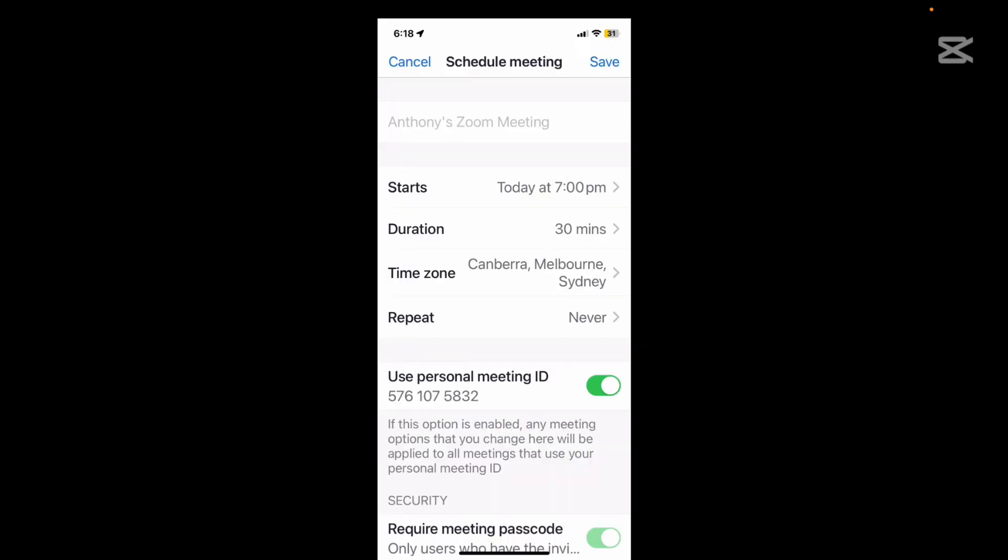So if you want to schedule a meeting you can specify the meeting description here, what time it starts, how long it goes for, and what your time zone is so that Zoom will translate it if you're speaking to somebody in a different time zone.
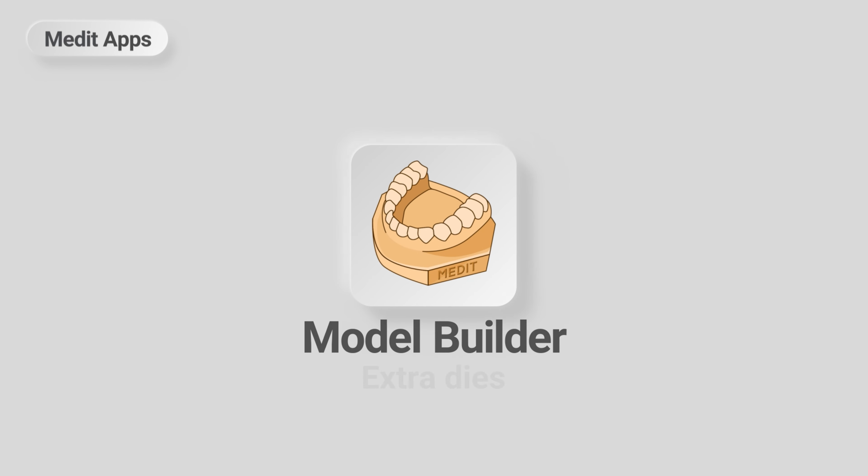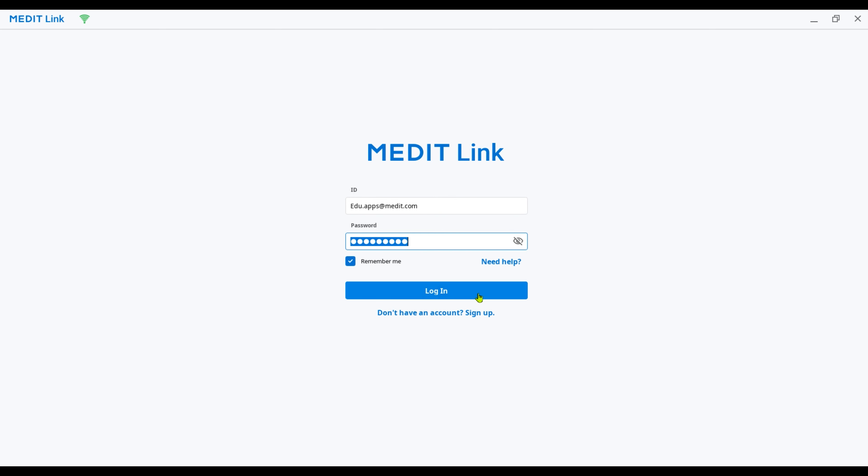This is a quick guide on how to design a model with extra dies using the Model Builder app. First, let's install the app.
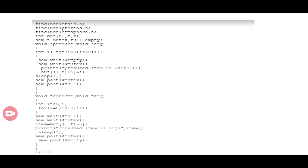When the producer produces an item, the empty value is reduced. One slot will be filled in the buffer, so empty is reduced by 1. We also have the mutex semaphore variable — the value of mutex is also reduced to prevent the consumer from accessing the buffer while the producer is writing.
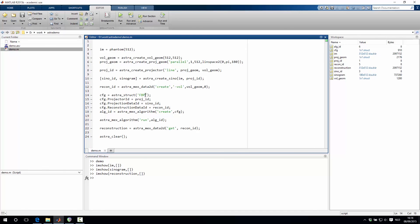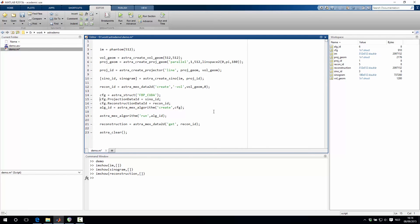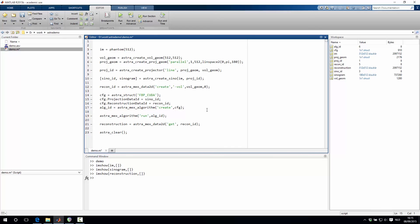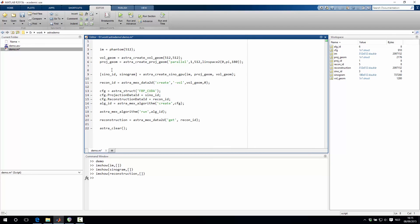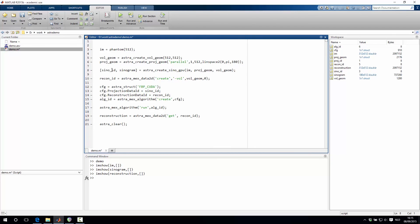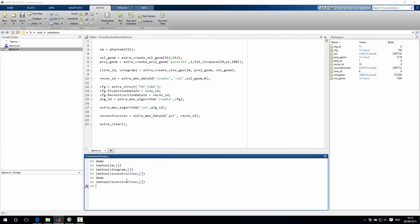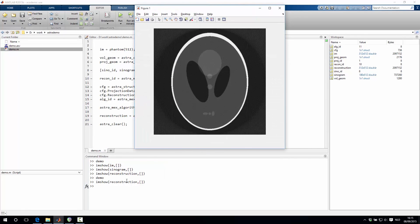Now to use this GPU accelerated version, we just have to add _CUDA to the name of the algorithm. And also we can delete the projector here because we have no need for that in the CUDA version. We then do have to change this function where we created the sinogram. And then we say astra_create_sinogram_GPU. And instead of the projector, we just specify the projection geometry and the volume geometry. We can then run this function again and again show you the reconstructed image.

__Directions__: Give again, word for word, the lines above from the first one through the one containing "This is a quick"; no pictures.

__Exercise output__:
So if you want to schedule a meeting you can specify the meeting description here, what time it starts, how long it goes for, and what your time zone is so that Zoom will translate it if you're speaking to somebody in a different time zone.
This is a quick guide on how to design a model with extra dies using the Model Builder app. First, let's install the app.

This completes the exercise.